Abolitionist Quaker Benjamin Lay gained well-deserved attention in recent years as an unconventional hero amongst both Quakers and non-Quakers. Controversial in his own time, a vital radical precursor to better-known Friends Anthony Benezet and John Woolman, and left out of both popular and academic histories and analyses of the Quakers and slavery for decades, awareness of Lay was reborn through Marcus Rediker’s well-received biography published in 2017. (See Larry Ingle’s review in September 2017 Friends Journal.) While many read the full-length biography, more learned of Lay through publicity surrounding the book, including Rediker’s feature article in the September 2017 issue of Smithsonian Magazine. This latest publication further expands opportunities to learn and absorb the story of radical abolitionist Benjamin Lay in a new format.
Paul Buhle writes at the end of the book that artist David Lester observed that “purely visual pages slow down the action and focus the reader’s thoughts.” The stirring story of Benjamin Lay’s unconventional life, filled with visceral actions against slavery and other injustices, lends itself very well to a visual format. Lay’s life was a testimony to speaking truth to power from the bottom up with actions best described as guerilla theater. Relating his story through graphic interpretation seems an especially appropriate choice to bring readers more fully into a sensory experience. This is no simple comic strip; it is an artistic work that presents traumatic real events. It portrays a social justice warrior engaged in the Lamb’s War, a classic tale of a hero struggling to fulfill his mission.

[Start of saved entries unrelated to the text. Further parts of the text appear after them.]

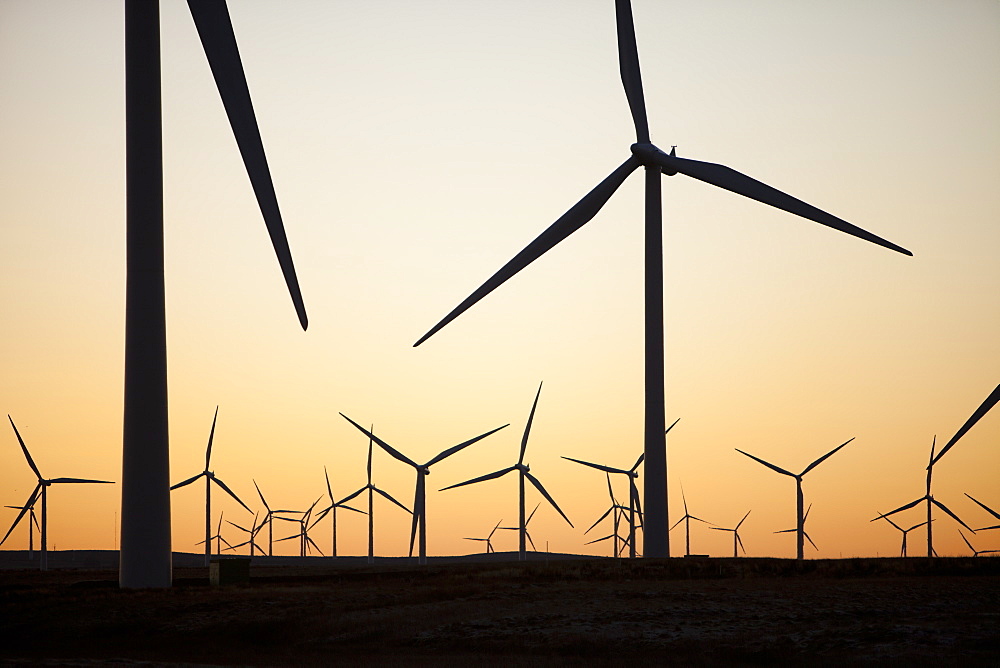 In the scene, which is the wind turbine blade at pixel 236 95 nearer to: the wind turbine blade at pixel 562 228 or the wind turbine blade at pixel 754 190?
the wind turbine blade at pixel 562 228

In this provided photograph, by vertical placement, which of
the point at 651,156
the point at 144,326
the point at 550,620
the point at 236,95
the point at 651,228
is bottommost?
the point at 550,620

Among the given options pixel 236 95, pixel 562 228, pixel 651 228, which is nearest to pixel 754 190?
pixel 651 228

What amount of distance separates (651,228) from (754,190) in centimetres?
551

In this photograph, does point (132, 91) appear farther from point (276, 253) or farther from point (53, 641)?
point (53, 641)

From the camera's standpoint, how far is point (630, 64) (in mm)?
72562

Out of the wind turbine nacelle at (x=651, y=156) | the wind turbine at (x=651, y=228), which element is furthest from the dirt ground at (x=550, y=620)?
the wind turbine nacelle at (x=651, y=156)

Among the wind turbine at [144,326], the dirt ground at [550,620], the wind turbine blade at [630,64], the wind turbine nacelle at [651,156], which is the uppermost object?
the wind turbine blade at [630,64]

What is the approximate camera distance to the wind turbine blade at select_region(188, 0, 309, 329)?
141 feet

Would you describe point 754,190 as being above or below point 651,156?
below

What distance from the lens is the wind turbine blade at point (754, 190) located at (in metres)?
58.9

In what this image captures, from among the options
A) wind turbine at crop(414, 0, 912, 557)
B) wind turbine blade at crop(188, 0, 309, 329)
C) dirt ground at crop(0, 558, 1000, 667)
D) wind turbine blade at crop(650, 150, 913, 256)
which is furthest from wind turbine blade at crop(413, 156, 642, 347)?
wind turbine blade at crop(188, 0, 309, 329)

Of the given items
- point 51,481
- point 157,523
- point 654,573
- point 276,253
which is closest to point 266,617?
point 157,523

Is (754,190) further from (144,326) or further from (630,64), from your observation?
(144,326)

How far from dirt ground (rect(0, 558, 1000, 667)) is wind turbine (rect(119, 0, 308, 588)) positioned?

The text from Rediker’s academic biography is translated by artist David Lester to re-engage readers on another level.
For those new to Lay, the basic story is all there in the graphic interpretation. Additionally, there is a one-page postscript briefly presenting context for Lay’s legacy. Marcus Rediker’s four-page afterword, “Why We Need Benjamin Lay,” reasserts key points, and presents reflections to further ground the reader in the story’s significance. The book concludes with Buhle’s essay “Comic Art and the Artist,” giving insights into the artist’s choices and the graphic storytelling form.
In Rediker’s 2017 biography, much of the last chapter explores the 1758 William Williams-Benjamin West portrait of Lay and later engravings based upon it. This includes Lay’s noteworthy physical form as a dwarf and hunchback, attributes that were used against him to imply he was unfit both mentally and physically. The black and white roughness of the illustrations is compelling and appropriate to convey the depth and struggle lived by a radical, simple-living vegetarian abolitionist.
Rather than limiting the reader to a single illustration or angle, the artistry of this latest interpretation relays the entire story to show the many emotions and travails of an eighteenth-century Quaker prophet.
Gwen Gosney Erickson is a member of Friendship Meeting in Greensboro, N.C., and Quaker archivist at Guilford College where she currently serves as co-chair of the Curry-Coffin Commission on Slavery, Race, and Recognition.